2) Given $i \neq j$, we define $-T(e_i, e_j)$ to be the momentum density of the matter in the $e_j$ direction, as measured by the observer with a four-velocity of $e_i$.

3) Given $i,k \neq j$, we define $T(e_i, e_k)$ to be the $i$'th component of the momentum in the $e_k$ direction, as measured by the observer with four-velocity $e_j$.

The action of $T$ on arbitrary vectors is thus determined by the above.

Question 1: Why do we require the tensor to be symmetric?\

Question 2: In 2), there is a negative sign infront of the $T(e_i, e_j)$. Why is this?

Just in case you're wondering, I used Wald's explanation of the stress-energy tensor on page 61-62, but replaced his arbitrary vectors with basis vectors as I want to really examine the components of the tensor.

2. Jun 1, 2016

### Staff: Mentor

Only for certain purposes. This approximation treats the cloud of gas as basically a point mass with no internal structure. The situations in which this is useful are very limited.

Yes.

No. In the orthonormal basis, $e_0$ is timelike and $e_1$, $e_2$, $e_3$ are spacelike (that's the only way to have an orthonormal basis in spacetime). So $e_0$ is the only basis vector that can represent a 4-velocity. Thus, $T(e_0, e_j)$ (where $j$ can be 1, 2, or 3) is s the momentum density in the $j$ direction as measured by an observer with 4-velocity $e_0$. (Note also that there is no minus sign in front.)

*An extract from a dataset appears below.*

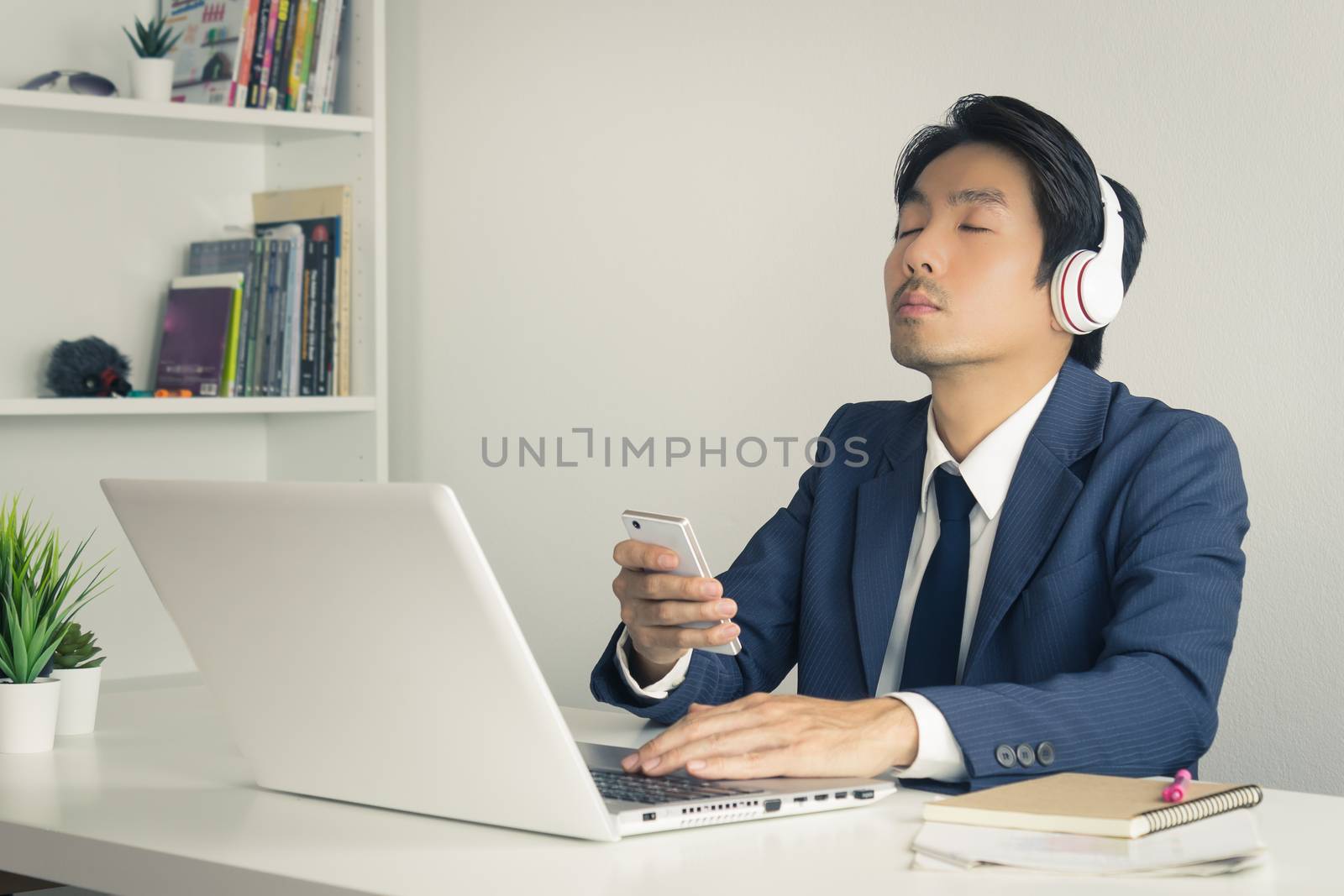 Asian Businessman Listen to Music by Bluetooth Technology in Sma by steafpong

No. In addition to the issue described above, that only $e_0$ can be a 4-velocity, the basis vector $e_j$ doesn't appear in your $T$ expression at all, so what you're saying here makes no sense.

In fact there is no way to represent momentum using the stress-energy tensor; you can only represent momentum density (as shown above). Quantities like $T(e_i, e_j)$, where both $i$ and $j$ can be 1, 2, or 3, represent stresses: pressure if $i = j$, shear stress if $i \neq j$.

We don't "require" it to be symmetric arbitrarily; we demonstrate that it is symmetric by looking at the physics that it represents.

First, take the case where the second index is 0, i.e., a quantity like $T(e_i, e_0)$, where $i$ can be 1, 2, or 3. This is the energy flux in the $i$ direction as measured by an observer with 4-velocity $e_0$. Saying that the SET is symmetric is saying that this energy flux must be the same as the momentum density $T(e_0, e_i)$. There are various heuristic arguments that one can use to see that this is the case.

Second, take the case where both indexes are 1, 2, or 3, i.e., a quantity like $T(e_i, e_j)$, and $i \neq j$ (since the case where they are equal is on the diagonal and doesn't play a role in whether the tensor is symmetric). This is shear stress, as noted above, and there are, again, various heuristic arguments from the theory of shear stresses for why these must be symmetric, i.e,. $T(e_i, e_j) = T(e_j, e_i)$.

More formally, one can derive the symmetry of the SET, at least with its standard definition, by looking at how it is derived from the Lagrangian, or by looking at the Einstein Field Equation and noting that the Einstein tensor must be symmetric because of how it is derived from the Riemann tensor.

I don't think your equation there is correct; see above.

Last edited: Jun 1, 2016
3. Jun 1, 2016

### JonnyG

@PeterDonis

Thank you for your reply. I checked again and Wald indeed has a negative sign in the equation I mentioned. MTW also has a minus sign in front of that equation as well, on page 131 in box 5.1. Perhaps it is just a convention? I don't know.

4. Jun 2, 2016

### Staff: Mentor

I don't have my copies of either handy at the moment so I can't check to see the context. I'll defer further comment until I can.